The legislation further requires the designation of high-and-medium priority groundwater basins as of January 1, 2017. These basins shall be managed under a groundwater sustainability plan or coordinated sustainability plans by January 31, 2020. All other high or medium-priority groundwater basins not covered by that provision shall be managed by the required plans by January 31, 2022. Development of sustainability plans for low and very-low priority basins are encouraged, but not required. The Department of Water Resources (DWR) is required to categorize each basin as high, medium, low or very low priority by not later than January 31, 2015. If, after initial categorization, a basin is elevated to a medium- or high-priority basin, a local agency shall have two years after that reprioritization to either (1) establish a groundwater sustainability agency and five years to adopt a groundwater sustainability plan, or (2) two years to satisfy the requirements of the legislation.

The so-called “groundwater sustainability agencies” can be one or a combination of local agencies, which are to be identified by statue. Existing agencies designated in the proposed law can opt out of their role as a groundwater sustainability agency, thus paving the way for the creation of an alternate groundwater sustainability agency.

The legislation relies heavily on local entities and agencies such as county and other local government entities to develop groundwater sustainability plans. The legislation provides that local groundwater sustainability agencies must ‘consider’ beneficial uses of water in the identified basins. The term ‘consider’ in this context is somewhat ambiguous and non-directive. As we have seen over the years with the California Forest Practice Act’s requirement to give ‘consideration’ to public trust resources, the use of the term ‘consider’ can generate a great deal of debate as to its meaning and what is actually to be required. The legislation gives wide-ranging rulemaking power to local sustainability agencies in order to implement the provisions of these Acts. These powers include the ability to require registration for groundwater extractors, and the ability to establish fees for permits allowing for groundwater extraction.

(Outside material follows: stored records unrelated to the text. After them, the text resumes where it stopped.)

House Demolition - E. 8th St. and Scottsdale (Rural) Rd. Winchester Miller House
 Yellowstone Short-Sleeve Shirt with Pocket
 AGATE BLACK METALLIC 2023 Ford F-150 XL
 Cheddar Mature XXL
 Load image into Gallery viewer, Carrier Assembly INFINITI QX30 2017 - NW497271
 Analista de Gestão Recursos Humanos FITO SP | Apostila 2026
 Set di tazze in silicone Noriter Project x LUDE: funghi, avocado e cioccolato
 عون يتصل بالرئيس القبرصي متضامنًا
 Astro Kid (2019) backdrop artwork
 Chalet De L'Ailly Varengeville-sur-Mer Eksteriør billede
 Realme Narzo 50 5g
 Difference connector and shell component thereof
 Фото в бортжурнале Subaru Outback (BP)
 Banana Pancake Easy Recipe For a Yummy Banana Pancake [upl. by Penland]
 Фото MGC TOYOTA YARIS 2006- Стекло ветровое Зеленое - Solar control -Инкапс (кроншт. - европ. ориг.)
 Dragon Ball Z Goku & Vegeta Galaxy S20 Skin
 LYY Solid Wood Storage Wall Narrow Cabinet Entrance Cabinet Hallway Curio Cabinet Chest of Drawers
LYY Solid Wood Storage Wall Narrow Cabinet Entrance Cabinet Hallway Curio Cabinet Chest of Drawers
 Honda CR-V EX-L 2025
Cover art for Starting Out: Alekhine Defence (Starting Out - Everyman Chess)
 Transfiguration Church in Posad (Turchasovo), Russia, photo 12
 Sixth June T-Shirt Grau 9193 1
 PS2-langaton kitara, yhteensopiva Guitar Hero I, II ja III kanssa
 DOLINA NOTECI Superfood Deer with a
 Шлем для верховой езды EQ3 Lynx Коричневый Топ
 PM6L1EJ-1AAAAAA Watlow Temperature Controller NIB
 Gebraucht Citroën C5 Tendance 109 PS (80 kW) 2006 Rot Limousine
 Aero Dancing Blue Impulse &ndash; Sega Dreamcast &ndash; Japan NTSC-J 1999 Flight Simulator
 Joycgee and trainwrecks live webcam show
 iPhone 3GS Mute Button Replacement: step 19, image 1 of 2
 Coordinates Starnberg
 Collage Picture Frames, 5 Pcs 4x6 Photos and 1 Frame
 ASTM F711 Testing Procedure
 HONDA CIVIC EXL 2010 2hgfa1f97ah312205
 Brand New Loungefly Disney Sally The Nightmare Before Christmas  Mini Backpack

Of particular concern with the impending legislation is the fact that the entire process has been deemed to be exempt from the provisions of the California Environmental Quality Act (CEQA). What’s more, the legislation is unclear as to what, if any recourse a member of the general public or a public interest group may have to challenge the adequacy of the locally-promulgated groundwater sustainability plans.

There are also questions regarding the funding for these programs. While the proposed law gives the local agencies the right to charge fees for the cost of its groundwater sustainability program, there are no criteria or guidance provided to define the reasonableness or level of fees set.

Additionally, the timelines for designation of high-and-medium priority groundwater management basins, and the promulgation of groundwater sustainability plans are pushed well out into the future. Given the unprecedented drought conditions, and the ongoing extraction of groundwater for domestic and agricultural uses throughout the state, the timelines to achieve compliance with these statues appears to be ‘too little, too late.’

Finally, the state’s role in this process provides little actual oversight; while DWR may review plans, it need do so only within two years after submission, and then only provide an “assessment.” There is no clear criteria to permit the public to initiate a challenge to an adopted plan.

EPIC supports the concept of sustainable groundwater management, but the currently proposed legislation simply falls short due to its lack of public oversight, and absence of enforceable mechanisms that would regulate water in a way to ensure the conservation of resources. EPIC will continue to advocate for stronger sustainable groundwater management provisions that comply with existing environmental laws, and which provide for adequate oversight from the state and the general public.